**YOUR TASK**
Below are records with pictures; copy word for word only the lines between the line with "HI license plate EFO184" and the line with "Choea C.Cubs #7", inclusive, and drop the pictures.

**RECORDS PROVIDED**
* * *

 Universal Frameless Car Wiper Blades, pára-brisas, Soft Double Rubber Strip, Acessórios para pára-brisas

* * *

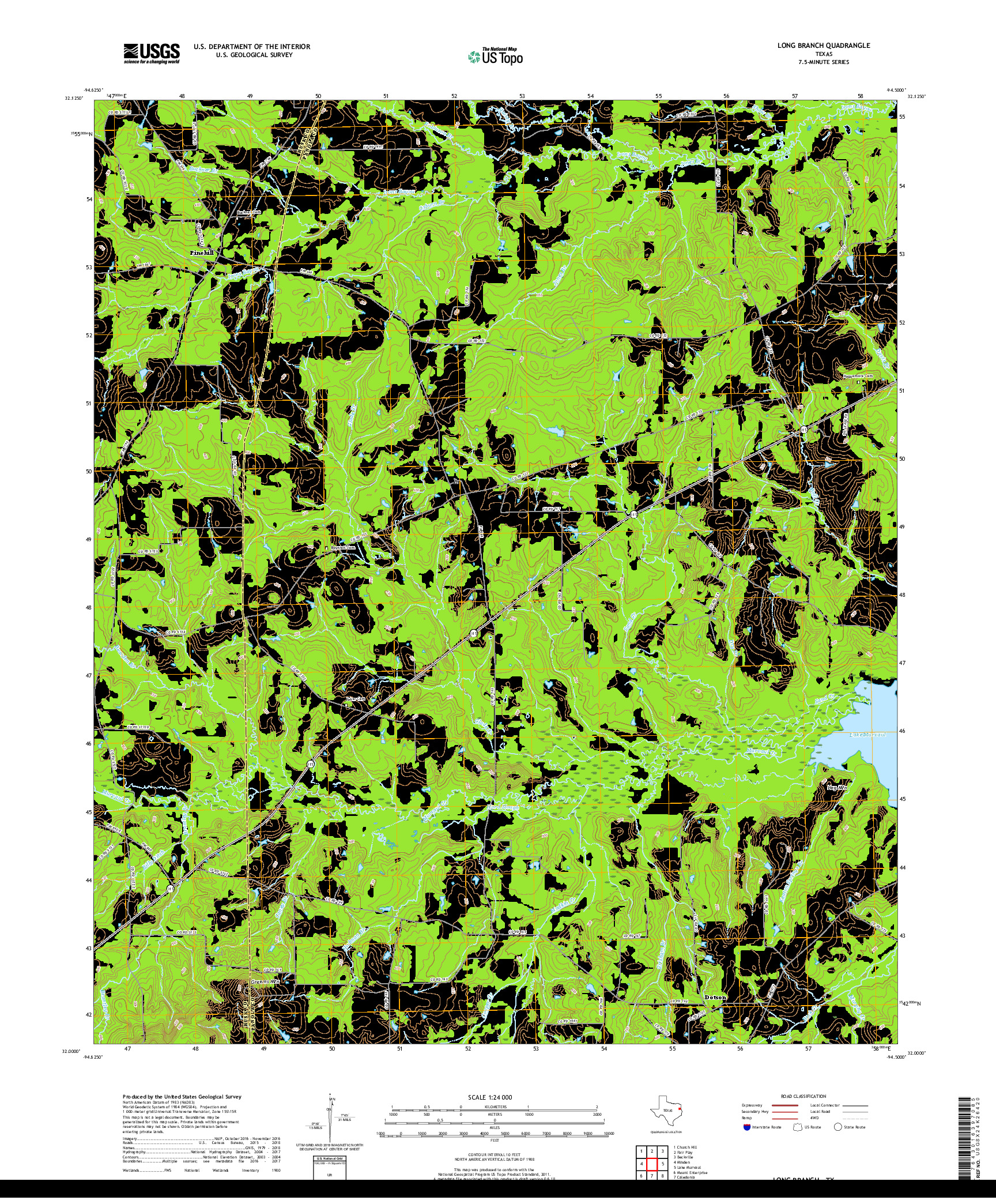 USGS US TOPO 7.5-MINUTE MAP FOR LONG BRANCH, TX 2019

* * *

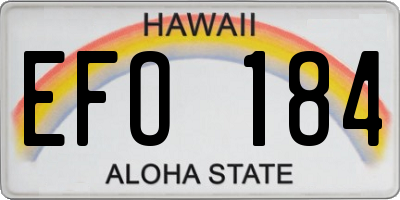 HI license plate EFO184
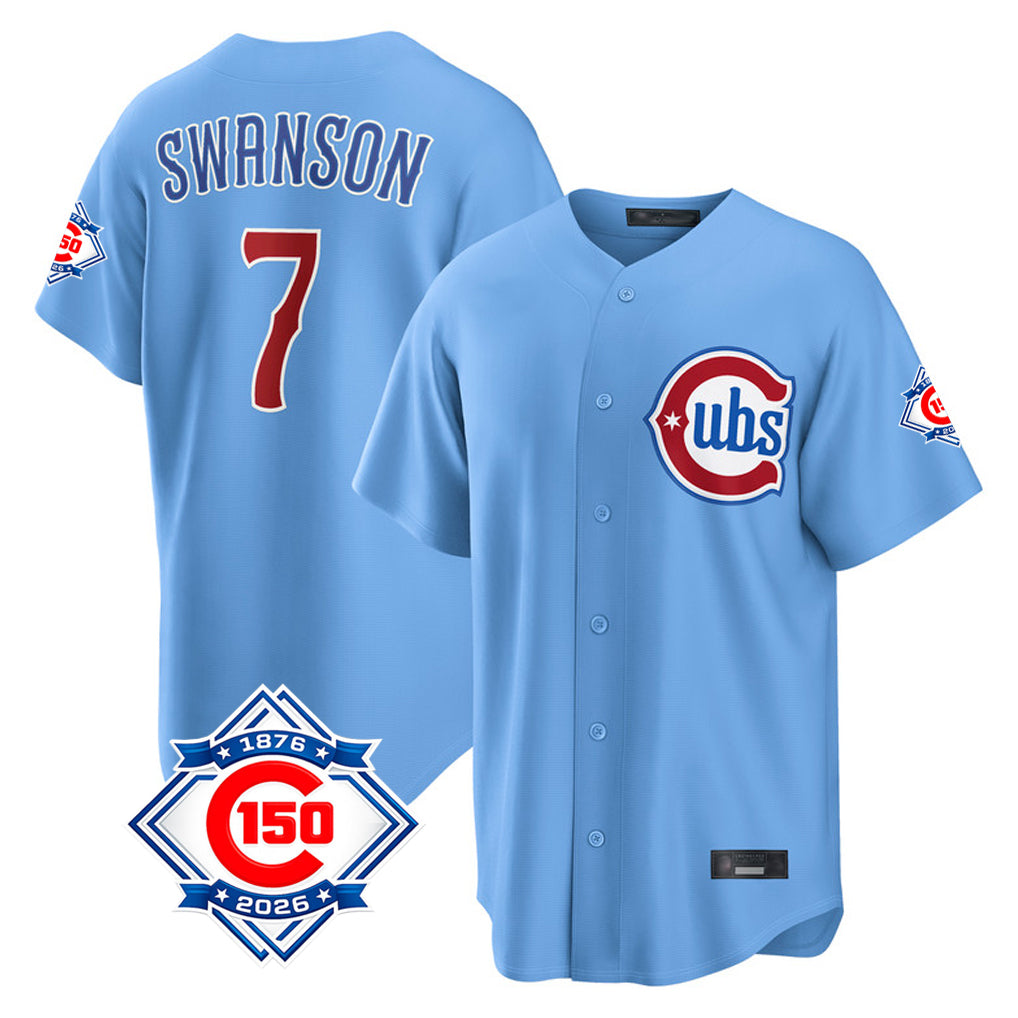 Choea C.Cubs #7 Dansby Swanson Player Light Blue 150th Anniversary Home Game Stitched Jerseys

* * *

**SOLUTION TO THE PROBLEM**
 HI license plate EFO184
 Choea C.Cubs #7 Dansby Swanson Player Light Blue 150th Anniversary Home Game Stitched Jerseys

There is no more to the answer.